Exercise directions → Nothing below is to be printed except the lines between the line holding "Upper Antelope Canyon" and the line holding "Женские темно-синие брюки", inclusive, each exactly as it appears.

Provided entries →
───

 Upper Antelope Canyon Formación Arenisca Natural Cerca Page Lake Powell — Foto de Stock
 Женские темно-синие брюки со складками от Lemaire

───

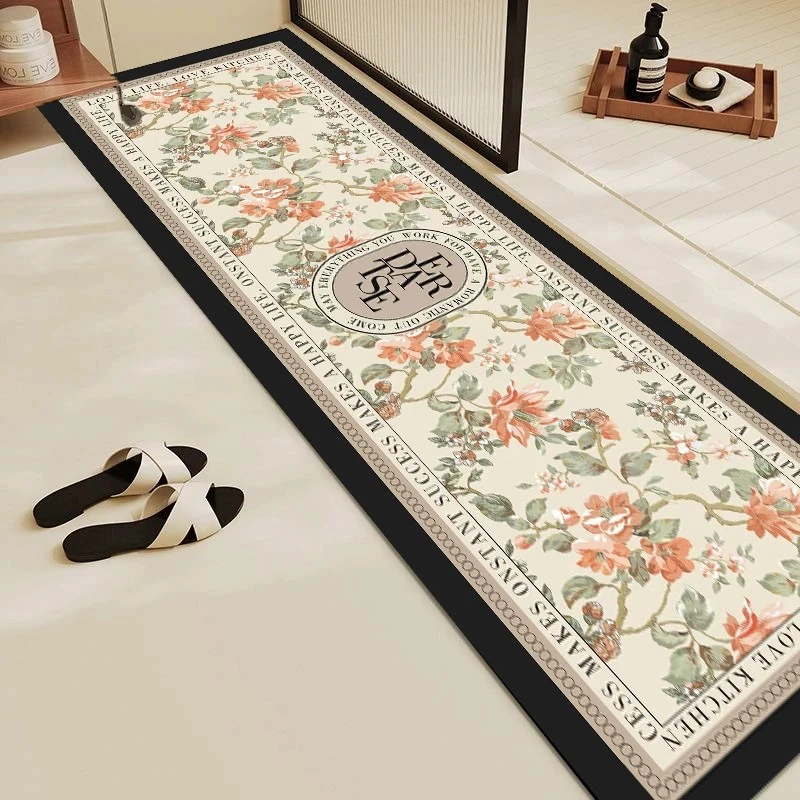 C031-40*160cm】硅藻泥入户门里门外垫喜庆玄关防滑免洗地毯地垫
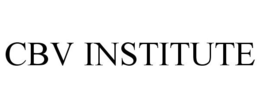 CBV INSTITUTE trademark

───

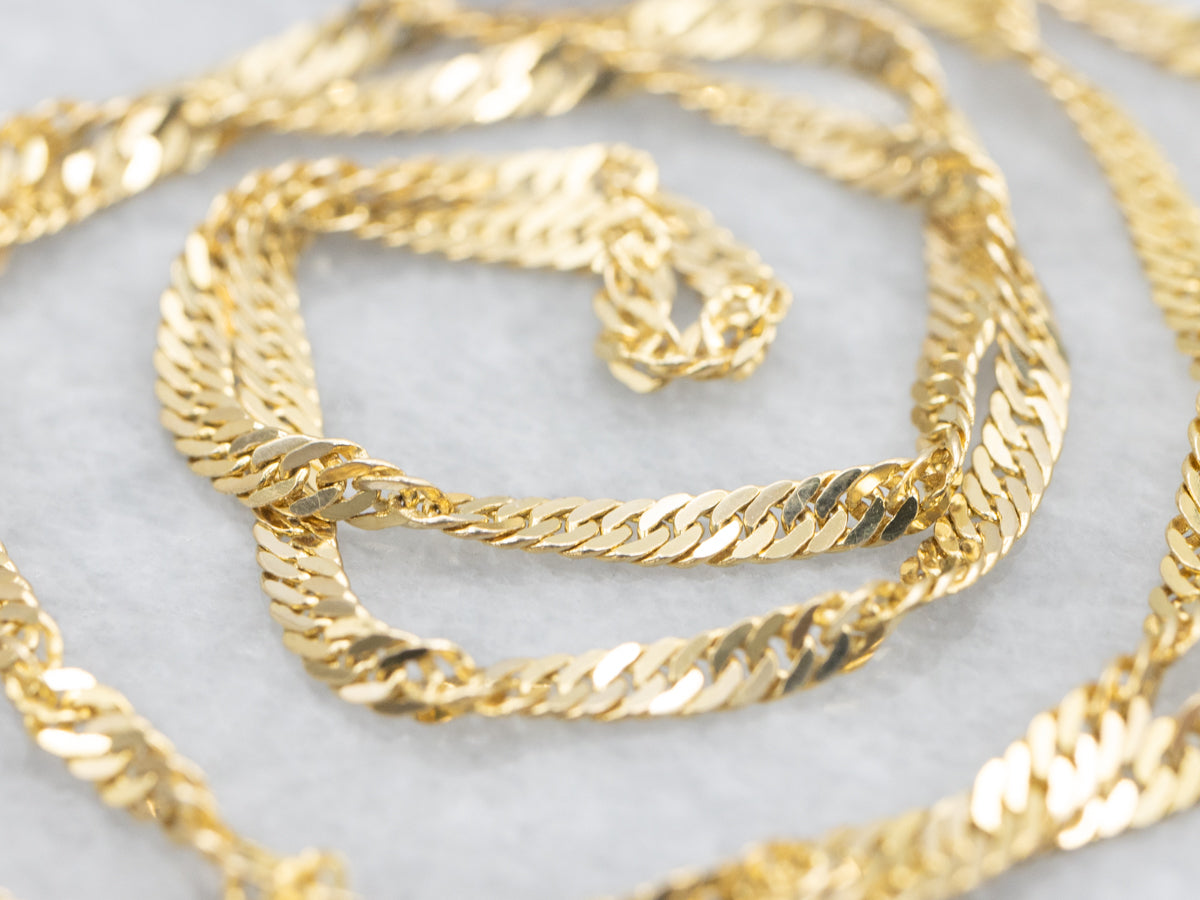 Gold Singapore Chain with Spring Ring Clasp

───

Answer to this exercise →
 Upper Antelope Canyon Formación Arenisca Natural Cerca Page Lake Powell — Foto de Stock
 Женские темно-синие брюки со складками от Lemaire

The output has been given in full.